Nel 2015 i sussidi alle fonti fossili sono stati pari a 5300 miliardi di dollari (10 milioni di dollari al minuto) secondo l'ultimo studio del Fondo Monetario Internazionale. Tanto quanto il 6,5% del PIL mondiale e più della spesa sanitaria totale di tutti i governi del mondo. Tra i maggiori investitori la Cina con 2.272 miliardi (+22%), seguita da Stati Uniti con 699 miliardi (+14%) e Russia con 335 miliardi (5.7%). Mentre in Europa è la Germania la maggior sostenitrice delle fonti fossili con 55,6 miliardi di dollari (+10.5%), seguita dal Regno Unito con 41,2 miliardi (+12.2%) e dalla Francia con 30,1 miliardi (+13.2%). Seguono Spagna – 24,1 miliardi, Repubblica Ceca – 17,5 miliardi e l'Italia con 13,2 miliardi.

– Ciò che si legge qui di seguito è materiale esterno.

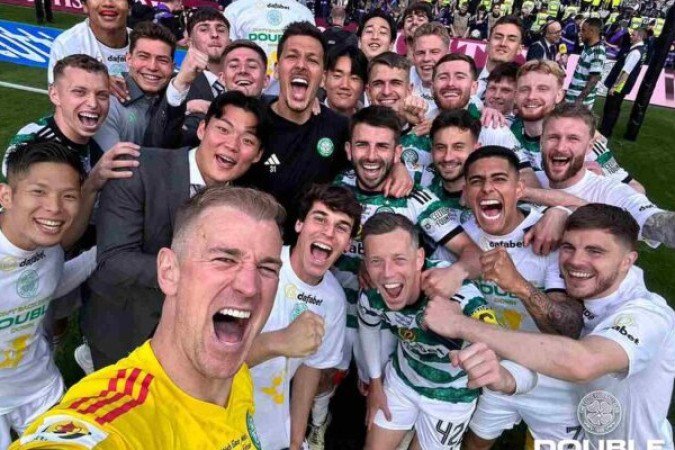 Joe Hart - Ele foi outro a pendurar as chuteiras em 2024. Ele encerra sua participação como jogador de futebol com o título da Copa da Escócia pelo Celtic. Foram 12 anos no Manchester City e passagem pela seleção da Inglaterra. Faturou duas Premier Leagues, uma Copa da Inglaterra e duas Copas da Liga Inglesa. Foto: Reprodução/Instagram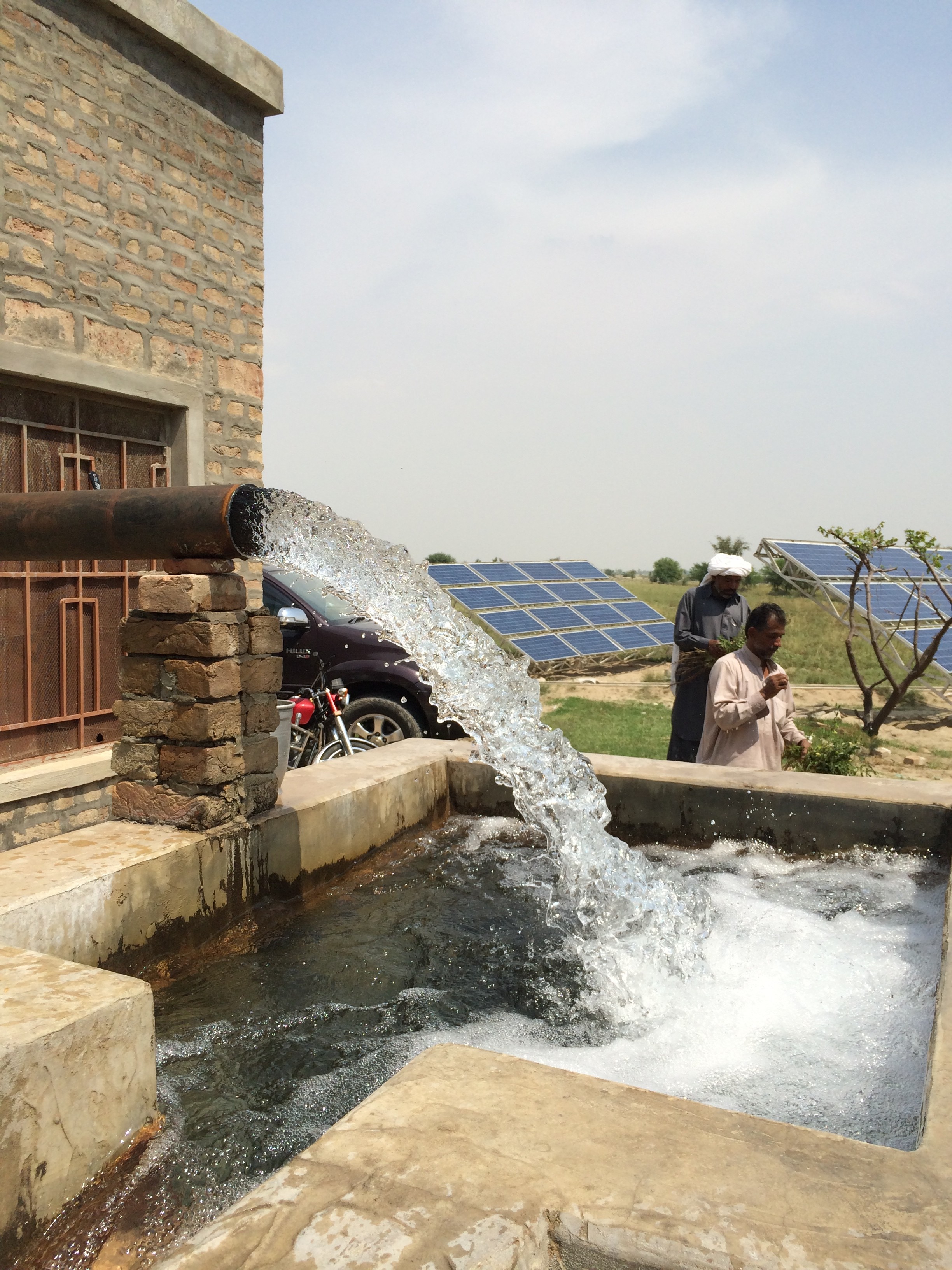 15HP/11kW Solar Powered Drip Irrigation System With Surface Water Pump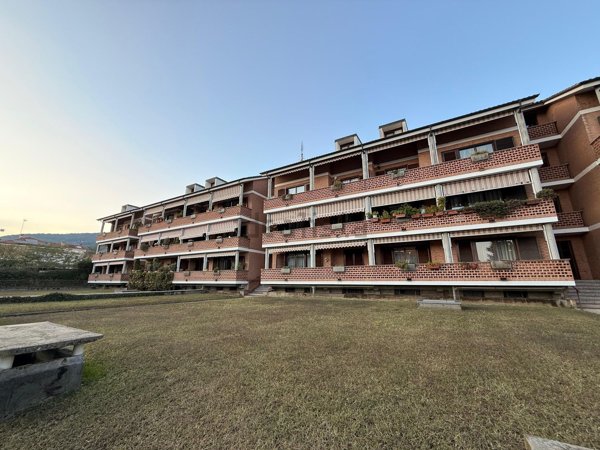 appartamento in vendita a Pinerolo in zona Abbadia Alpina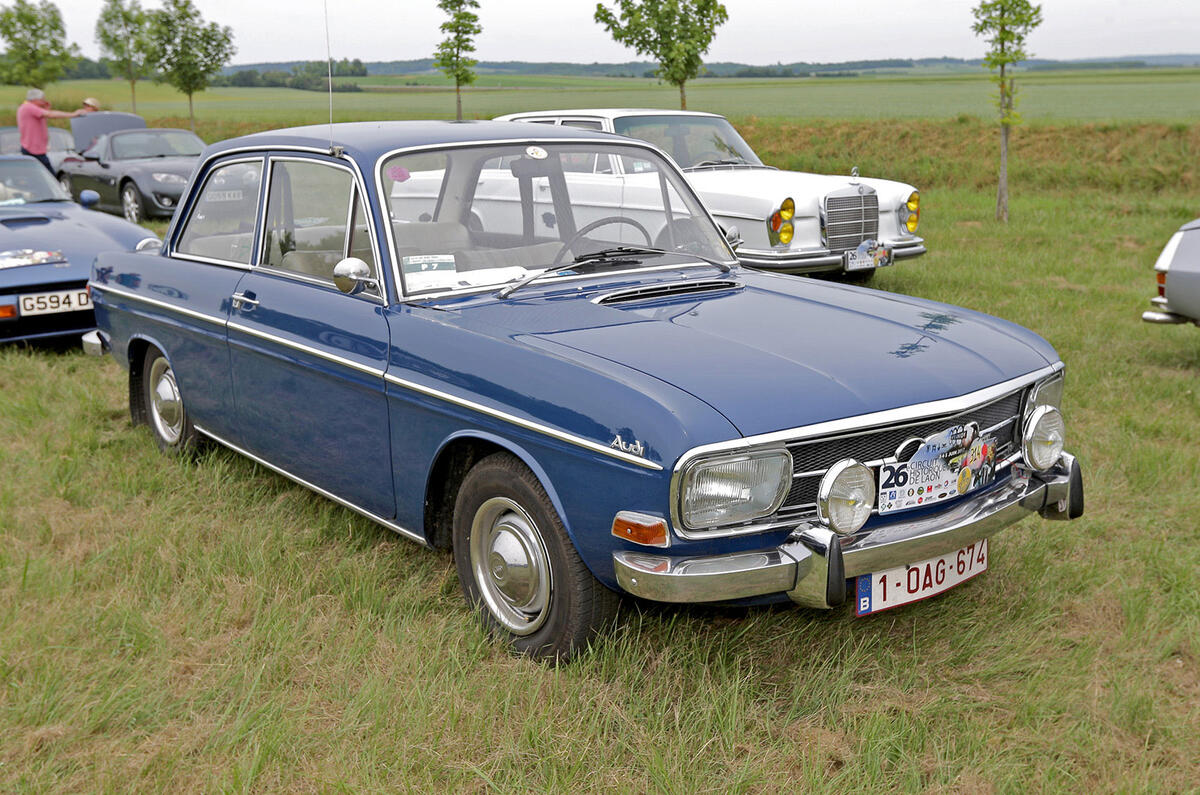 AUDI F103 AUDI F103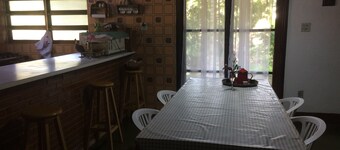 House with 5 bedrooms in primeval forest - 3 suites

Cosa sono i sussidi alle fonti fossili?
L'insieme di aiuti diretti e indiretti alla produzione, distribuzione e consumo di combustibili fossili. I principali network ambientalisti chiedono di abolirli e di spingere sulla decarbonizzazione delle economie per fermare la crescita delle emissioni di gas serra e contenere entro i 2°C l'aumento della temperatura globale. Lo stop ai sussidi consentirebbe infatti, da solo, di ridurre le emissioni di CO2 di 750 milioni di tonnellate (cioè del 5,8% al 2020), contribuendo al raggiungimento della metà dell'obiettivo climatico necessario a contenere l'aumento di temperatura globale di almeno 2°C.

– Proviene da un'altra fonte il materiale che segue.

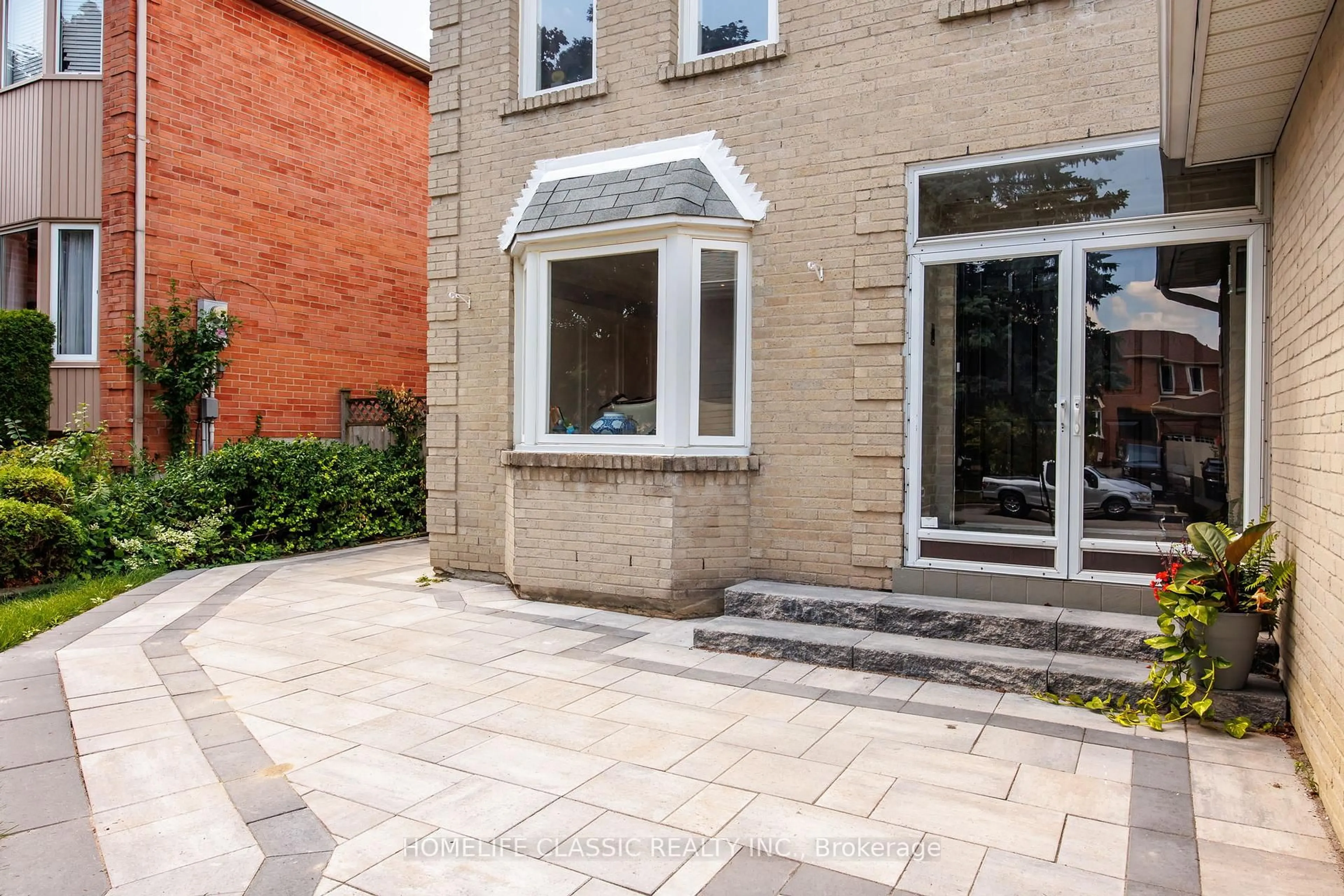 Patio, street for 550 Dahlia Cres, Pickering Ontario L1W 3G5
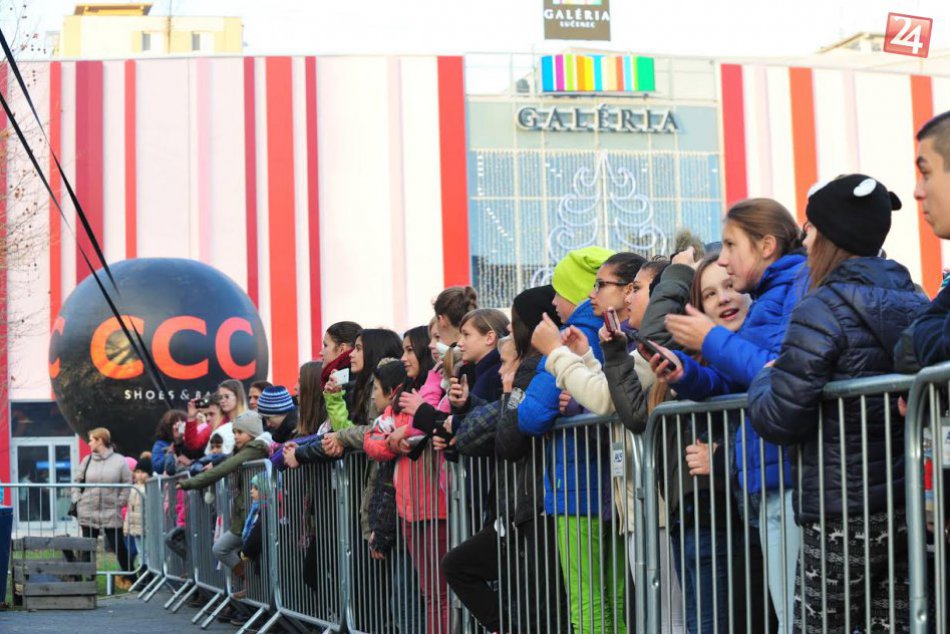 Otvorenie nákupného centra očakávali stovky zvedavcov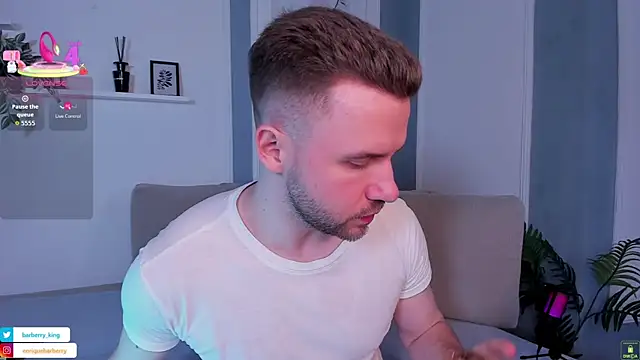 Snapshot of EnriqueBarberry chatting on 04.11.26 EnriqueBarberry online show from 04.11.26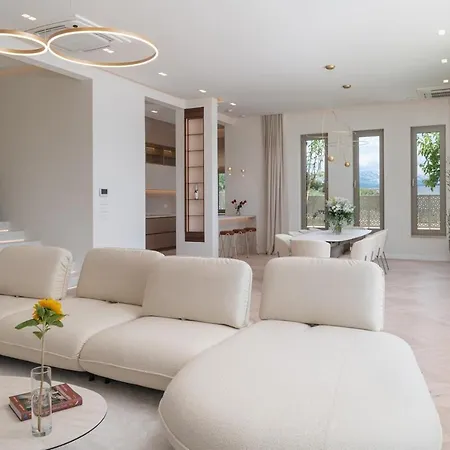 New! A 56, 98m2 Heated Pool&spa, Near Split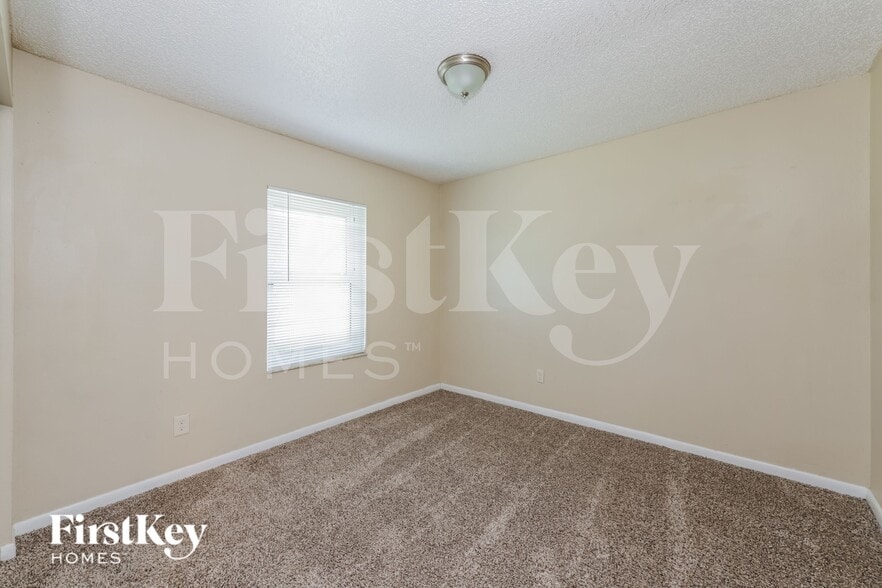 Building Photo - 4301 Tarpon Dr SE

La COP21 può essere una straordinaria occasione per far assumere all'Europa un ruolo da protagonista nell'impegno contro i cambiamenti climatici. Al Governo Renzi chiediamo un'operazione di trasparenza sui sussidi diretti e indiretti alle fonti fossili, cancellandoli per spingere l'innovazione energetica in Italia e nel mondo.